Per i produttori è indispensabile aggiornare i prezzi della farina
«Siamo stati i primi a subire i rincari delle materie prime, aumenti che ci siamo portati in casa ormai sei mesi fa - ha raccontato Antimo Caputo, titolare di Molino Caputo - Modificare i listini per noi è stato fondamentale per la sopravvivenza dell'azienda. Col triplicare dei costi dell'energia e i costi degli imballi dovevamo aggiornarci, altrimenti saremmo spariti dal mercato. Ci siamo adeguati in modo graduale, a scale, per evitare di dare uno shock ai nostri clienti. Col consumatore abbiamo cercato di dialogare attraverso la stampa ma anche attraverso comunicazioni ad hoc fatte direttamente con i nostri clienti».

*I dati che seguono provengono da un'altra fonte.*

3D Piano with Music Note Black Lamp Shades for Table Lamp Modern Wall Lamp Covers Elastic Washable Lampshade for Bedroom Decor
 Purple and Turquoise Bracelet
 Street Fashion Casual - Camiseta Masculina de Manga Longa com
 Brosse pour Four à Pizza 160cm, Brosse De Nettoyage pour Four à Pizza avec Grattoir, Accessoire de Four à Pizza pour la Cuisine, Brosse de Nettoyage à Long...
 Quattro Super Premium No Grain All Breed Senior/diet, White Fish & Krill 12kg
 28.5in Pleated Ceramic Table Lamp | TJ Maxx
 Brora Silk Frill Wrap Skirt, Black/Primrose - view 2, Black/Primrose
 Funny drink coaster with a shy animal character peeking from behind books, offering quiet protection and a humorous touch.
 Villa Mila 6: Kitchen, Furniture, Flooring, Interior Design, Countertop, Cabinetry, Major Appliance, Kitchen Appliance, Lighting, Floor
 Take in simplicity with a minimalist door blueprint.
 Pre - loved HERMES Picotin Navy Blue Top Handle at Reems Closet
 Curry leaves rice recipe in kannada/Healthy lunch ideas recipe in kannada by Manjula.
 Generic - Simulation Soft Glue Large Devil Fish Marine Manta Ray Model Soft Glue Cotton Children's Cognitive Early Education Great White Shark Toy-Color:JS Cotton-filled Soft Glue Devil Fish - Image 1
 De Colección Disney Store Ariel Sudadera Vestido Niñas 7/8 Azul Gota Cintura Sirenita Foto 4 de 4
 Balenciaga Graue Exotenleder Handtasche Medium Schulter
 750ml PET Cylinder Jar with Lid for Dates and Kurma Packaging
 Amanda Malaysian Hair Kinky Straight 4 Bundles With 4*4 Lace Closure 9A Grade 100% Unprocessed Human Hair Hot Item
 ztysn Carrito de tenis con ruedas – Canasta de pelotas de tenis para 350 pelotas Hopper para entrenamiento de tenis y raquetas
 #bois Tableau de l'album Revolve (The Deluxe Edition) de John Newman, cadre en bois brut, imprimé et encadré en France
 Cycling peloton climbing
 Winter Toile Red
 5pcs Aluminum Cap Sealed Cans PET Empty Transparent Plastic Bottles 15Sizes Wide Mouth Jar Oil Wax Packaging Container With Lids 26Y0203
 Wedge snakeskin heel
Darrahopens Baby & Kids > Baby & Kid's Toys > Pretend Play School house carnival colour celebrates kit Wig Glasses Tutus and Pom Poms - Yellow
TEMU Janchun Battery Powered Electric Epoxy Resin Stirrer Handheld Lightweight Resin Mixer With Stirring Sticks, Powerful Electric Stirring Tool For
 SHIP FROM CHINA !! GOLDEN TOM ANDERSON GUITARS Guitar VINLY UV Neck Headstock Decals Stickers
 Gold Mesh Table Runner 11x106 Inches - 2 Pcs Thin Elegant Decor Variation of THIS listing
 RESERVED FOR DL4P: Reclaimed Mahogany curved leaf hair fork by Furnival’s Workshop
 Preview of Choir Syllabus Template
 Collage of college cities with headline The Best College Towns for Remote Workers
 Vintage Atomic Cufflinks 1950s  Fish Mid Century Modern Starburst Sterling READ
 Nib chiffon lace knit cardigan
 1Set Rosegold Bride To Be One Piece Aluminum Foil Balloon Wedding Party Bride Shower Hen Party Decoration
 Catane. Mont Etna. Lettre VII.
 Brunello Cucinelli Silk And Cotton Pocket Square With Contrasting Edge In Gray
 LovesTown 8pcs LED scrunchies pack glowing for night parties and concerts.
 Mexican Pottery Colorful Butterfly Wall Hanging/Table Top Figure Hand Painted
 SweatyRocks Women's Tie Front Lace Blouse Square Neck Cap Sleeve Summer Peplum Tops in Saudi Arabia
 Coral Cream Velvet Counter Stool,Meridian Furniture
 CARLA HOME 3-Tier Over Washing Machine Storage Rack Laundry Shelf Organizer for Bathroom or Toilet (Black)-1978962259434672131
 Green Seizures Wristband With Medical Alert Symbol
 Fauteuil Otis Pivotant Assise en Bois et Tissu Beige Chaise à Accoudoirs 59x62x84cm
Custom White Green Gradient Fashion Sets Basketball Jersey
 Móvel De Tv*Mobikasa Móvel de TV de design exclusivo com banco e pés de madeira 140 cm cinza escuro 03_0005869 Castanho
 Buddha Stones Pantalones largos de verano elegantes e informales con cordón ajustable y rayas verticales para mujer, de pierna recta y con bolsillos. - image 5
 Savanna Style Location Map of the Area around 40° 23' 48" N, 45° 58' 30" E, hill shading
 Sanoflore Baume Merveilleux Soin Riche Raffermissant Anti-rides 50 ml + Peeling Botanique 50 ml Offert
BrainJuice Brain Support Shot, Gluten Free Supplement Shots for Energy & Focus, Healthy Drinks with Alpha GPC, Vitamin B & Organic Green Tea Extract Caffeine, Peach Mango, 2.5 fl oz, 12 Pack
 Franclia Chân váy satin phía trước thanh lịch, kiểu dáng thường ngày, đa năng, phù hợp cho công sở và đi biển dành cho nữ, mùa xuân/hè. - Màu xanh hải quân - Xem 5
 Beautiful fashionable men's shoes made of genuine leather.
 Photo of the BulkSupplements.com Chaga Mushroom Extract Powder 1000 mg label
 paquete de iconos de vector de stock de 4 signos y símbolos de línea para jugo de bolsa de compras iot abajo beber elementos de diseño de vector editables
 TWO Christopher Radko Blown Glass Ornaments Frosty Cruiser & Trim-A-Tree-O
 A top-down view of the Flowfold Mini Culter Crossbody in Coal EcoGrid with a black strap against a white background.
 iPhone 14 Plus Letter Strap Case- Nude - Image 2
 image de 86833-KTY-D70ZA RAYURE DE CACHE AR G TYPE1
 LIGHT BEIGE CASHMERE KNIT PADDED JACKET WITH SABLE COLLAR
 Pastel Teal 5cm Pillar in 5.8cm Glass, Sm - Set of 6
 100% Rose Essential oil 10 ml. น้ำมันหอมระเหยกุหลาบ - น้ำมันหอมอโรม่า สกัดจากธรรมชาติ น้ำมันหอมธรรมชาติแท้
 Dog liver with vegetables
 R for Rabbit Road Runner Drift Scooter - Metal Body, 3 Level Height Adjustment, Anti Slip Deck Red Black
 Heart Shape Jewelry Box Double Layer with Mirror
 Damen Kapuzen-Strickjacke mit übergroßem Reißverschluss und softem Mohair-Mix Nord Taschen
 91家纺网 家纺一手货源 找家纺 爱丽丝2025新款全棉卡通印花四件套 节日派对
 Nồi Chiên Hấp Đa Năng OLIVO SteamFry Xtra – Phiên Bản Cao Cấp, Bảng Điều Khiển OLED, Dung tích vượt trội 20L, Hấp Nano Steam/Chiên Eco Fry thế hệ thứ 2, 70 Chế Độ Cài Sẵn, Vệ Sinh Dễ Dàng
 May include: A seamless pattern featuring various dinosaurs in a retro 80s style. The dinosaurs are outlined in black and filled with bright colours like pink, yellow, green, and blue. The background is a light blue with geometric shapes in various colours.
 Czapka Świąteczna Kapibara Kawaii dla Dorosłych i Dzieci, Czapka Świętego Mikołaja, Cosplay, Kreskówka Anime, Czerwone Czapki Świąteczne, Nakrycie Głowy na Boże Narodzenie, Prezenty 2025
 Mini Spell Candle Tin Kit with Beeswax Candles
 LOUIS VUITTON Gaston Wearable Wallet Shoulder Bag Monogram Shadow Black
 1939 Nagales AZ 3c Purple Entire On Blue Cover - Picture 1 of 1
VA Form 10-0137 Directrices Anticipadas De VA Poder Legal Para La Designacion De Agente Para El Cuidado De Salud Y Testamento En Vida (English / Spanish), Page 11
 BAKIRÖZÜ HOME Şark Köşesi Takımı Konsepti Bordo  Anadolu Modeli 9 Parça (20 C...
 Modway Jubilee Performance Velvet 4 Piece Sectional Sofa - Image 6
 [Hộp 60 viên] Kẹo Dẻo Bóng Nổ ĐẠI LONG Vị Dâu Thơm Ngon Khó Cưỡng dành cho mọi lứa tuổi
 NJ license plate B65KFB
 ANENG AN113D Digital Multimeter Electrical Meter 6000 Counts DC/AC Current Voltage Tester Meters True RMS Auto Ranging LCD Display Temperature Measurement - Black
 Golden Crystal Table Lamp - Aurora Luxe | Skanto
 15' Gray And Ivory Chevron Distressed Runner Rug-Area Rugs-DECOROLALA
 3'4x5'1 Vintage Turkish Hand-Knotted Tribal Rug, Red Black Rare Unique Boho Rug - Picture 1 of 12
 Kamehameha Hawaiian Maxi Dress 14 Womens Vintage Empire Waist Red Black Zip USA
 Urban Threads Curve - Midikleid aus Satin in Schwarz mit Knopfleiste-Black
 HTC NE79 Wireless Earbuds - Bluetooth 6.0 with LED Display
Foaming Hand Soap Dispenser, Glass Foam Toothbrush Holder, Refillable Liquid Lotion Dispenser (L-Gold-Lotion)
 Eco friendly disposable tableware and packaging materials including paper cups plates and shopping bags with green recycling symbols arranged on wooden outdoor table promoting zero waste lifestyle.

Antimo Caputo, titolare di Molino Caputo
L'inflazione non sparirà prima dell'estate
«Anche noi di Molino Grassi abbiamo dovuto adottare degli aumenti – ha spiegato Massimo Grassi - Del resto non c'era molta scelta con la materia prima che è arrivata a costare, in alcuni casi come per il grano duro, fino al 90% in più. Ma il cliente medio ha capito l'aumento dei prezzi». Sulle tempistiche dell'inflazione Grassi non ha dubbi: «Questi aumenti resisteranno almeno fino a giugno-luglio – ha confermato - Almeno finché non cambierà di nuovo la situazione geopolitica che sta condizionando la materia prima cereali».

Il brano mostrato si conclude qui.